On pourrait croire que les plateformes comme Twitter collaborent facilement avec la justice française… Il n’en est rien.
« Quels que soient vos agissements sur les réseaux, vous laissez toujours des traces ; techniquement et aux yeux de la loi, l’anonymat n’existe pas ». Ces sages paroles sont celles du capitaine Matthieu Audibert, chef du département partenariats et coopération au sein du commandement de la gendarmerie dans le cyberespace qui lors de l’évènement Médias en Seine, décrivait les coulisses de la chasse aux trolls sur les réseaux sociaux. (...)

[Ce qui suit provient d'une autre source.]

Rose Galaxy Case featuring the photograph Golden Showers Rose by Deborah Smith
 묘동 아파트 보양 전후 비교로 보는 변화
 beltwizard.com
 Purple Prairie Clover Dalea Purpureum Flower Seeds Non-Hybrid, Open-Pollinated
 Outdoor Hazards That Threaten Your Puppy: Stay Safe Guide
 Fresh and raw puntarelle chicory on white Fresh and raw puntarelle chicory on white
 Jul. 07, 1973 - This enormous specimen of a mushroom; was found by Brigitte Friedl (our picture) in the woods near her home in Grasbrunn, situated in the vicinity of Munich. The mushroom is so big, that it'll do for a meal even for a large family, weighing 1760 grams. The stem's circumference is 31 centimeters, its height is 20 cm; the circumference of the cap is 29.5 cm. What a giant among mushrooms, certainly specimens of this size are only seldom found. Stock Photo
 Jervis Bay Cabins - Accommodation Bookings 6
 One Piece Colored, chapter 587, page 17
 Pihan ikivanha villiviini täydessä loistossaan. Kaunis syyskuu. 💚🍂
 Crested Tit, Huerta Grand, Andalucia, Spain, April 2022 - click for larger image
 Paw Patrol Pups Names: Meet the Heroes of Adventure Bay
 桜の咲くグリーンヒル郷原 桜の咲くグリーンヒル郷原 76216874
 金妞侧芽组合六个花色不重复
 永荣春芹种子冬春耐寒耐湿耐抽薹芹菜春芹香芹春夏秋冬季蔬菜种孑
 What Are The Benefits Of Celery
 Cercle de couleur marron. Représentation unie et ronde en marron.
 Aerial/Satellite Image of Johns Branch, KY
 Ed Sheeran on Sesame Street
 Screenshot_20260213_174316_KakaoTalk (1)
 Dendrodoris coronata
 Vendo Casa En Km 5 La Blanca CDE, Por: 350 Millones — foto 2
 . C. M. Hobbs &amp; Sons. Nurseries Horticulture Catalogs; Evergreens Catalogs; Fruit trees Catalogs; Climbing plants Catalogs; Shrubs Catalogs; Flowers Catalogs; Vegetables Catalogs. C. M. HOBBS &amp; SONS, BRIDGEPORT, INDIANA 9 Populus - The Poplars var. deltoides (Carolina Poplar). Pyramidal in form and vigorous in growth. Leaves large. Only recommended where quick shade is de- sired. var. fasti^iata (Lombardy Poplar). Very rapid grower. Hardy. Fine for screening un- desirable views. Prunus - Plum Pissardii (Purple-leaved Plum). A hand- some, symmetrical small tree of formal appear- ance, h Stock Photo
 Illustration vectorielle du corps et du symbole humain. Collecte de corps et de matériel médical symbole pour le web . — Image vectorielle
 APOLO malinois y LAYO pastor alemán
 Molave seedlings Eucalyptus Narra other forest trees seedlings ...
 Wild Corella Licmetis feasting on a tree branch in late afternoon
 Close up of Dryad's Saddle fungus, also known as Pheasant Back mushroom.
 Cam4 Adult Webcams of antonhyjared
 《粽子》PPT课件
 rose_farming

Aujourd’hui, il est effectivement difficile de rester totalement incognito au sein d’un groupe sur les réseaux. Mais ça n’a pas toujours été le cas. Pendant longtemps, les affaires de cyberharcèlement en meute ont eu du mal à être prises au sérieux par la justice. Il aura fallu attendre 2017 et l’affaire Nadia Daam, cette journaliste qui a subi un harcèlement lancé par des membres du forum « blabla 18-25 » du site jeuxvideo.com, pour que ce délit soit véritablement reconnu par la loi. Avec la loi Schiappa de 2018, les attaques en meute à l’encontre d’un individu sont reconnues, même si ces dernières ne sont pas coordonnées. Concrètement, tous les individus participant à un lynchage virtuel sont considérés comme responsables.
« Twitter est un monstre »
Pour Éric Morain, avocat au barreau de Paris, l’arsenal juridique est largement suffisant pour gérer ce genre d’affaires. Ce qui manque surtout, c’est la collaboration des plateformes pour traquer et amener devant la justice les internautes qui se sont rendus responsables de cyberharcèlement. « Avec Facebook ça va encore, il y a de plus en plus de collaboration, raconte-t-il lors de la conférence. Mais le mauvais élève de la classe reste surtout Twitter qui est un monstre avec sa propre loi. Quand on leur demande l’identité d’un internaute sous pseudo, la réponse est lente et bien souvent inexistante ». Les intervenants soulignent que dans l’affaire Mila, le décalage entre le nombre de comparutions (moins d’une quinzaine) et les 50 000 messages de haine qu’elle a reçus montre à quel point Twitter peut entraver la justice. (...)
Pour Matthieu Audibert, le problème vient surtout du sentiment d’impunité des plateformes américaines, mais aussi de la lenteur des procédures légales. (...)
Le réseau social peut prétexter que les accusés sont protégés par le premier amendement de la constitution à savoir la liberté d’expression. En cas de refus, nous devons mettre en œuvre une demande de coopération internationale qui passe par la justice Française puis la justice américaine. C’est un circuit très long qui peut demander plusieurs mois d’attente. »
Arrêter le sentiment d’impunité
Heureusement pour la justice française, d’autres voix sont possibles. La législation européenne évolue pour contraindre un peu plus les grandes plateformes à collaborer. En attendant, Éric Morain et Matthieu Audibert confient utiliser des méthodes alternatives pour identifier des auteurs de harcèlement, semblables à « des enquêtes de voisinage », qui donne de bons résultats. Dans l’affaire Mila, 11 personnes sur 13 (10 hommes et une femme) ont été condamnées en première instance à des peines allant de quatre à six mois de prison avec sursis.
Cette décision de justice avait surtout pour but de mettre fin au sentiment d’impunité. (...)
Mais est-ce pour autant suffisant ? Pour Matthieu Audibert, il faut à tout prix envisager une action d’éducation et de sensibilisation du public aux cyberharcèlements pour voir enfin les mentalités bouger. D’ici là, ça sera toujours la loi de la meute qui sera la plus rapide, à défaut d’être la plus forte.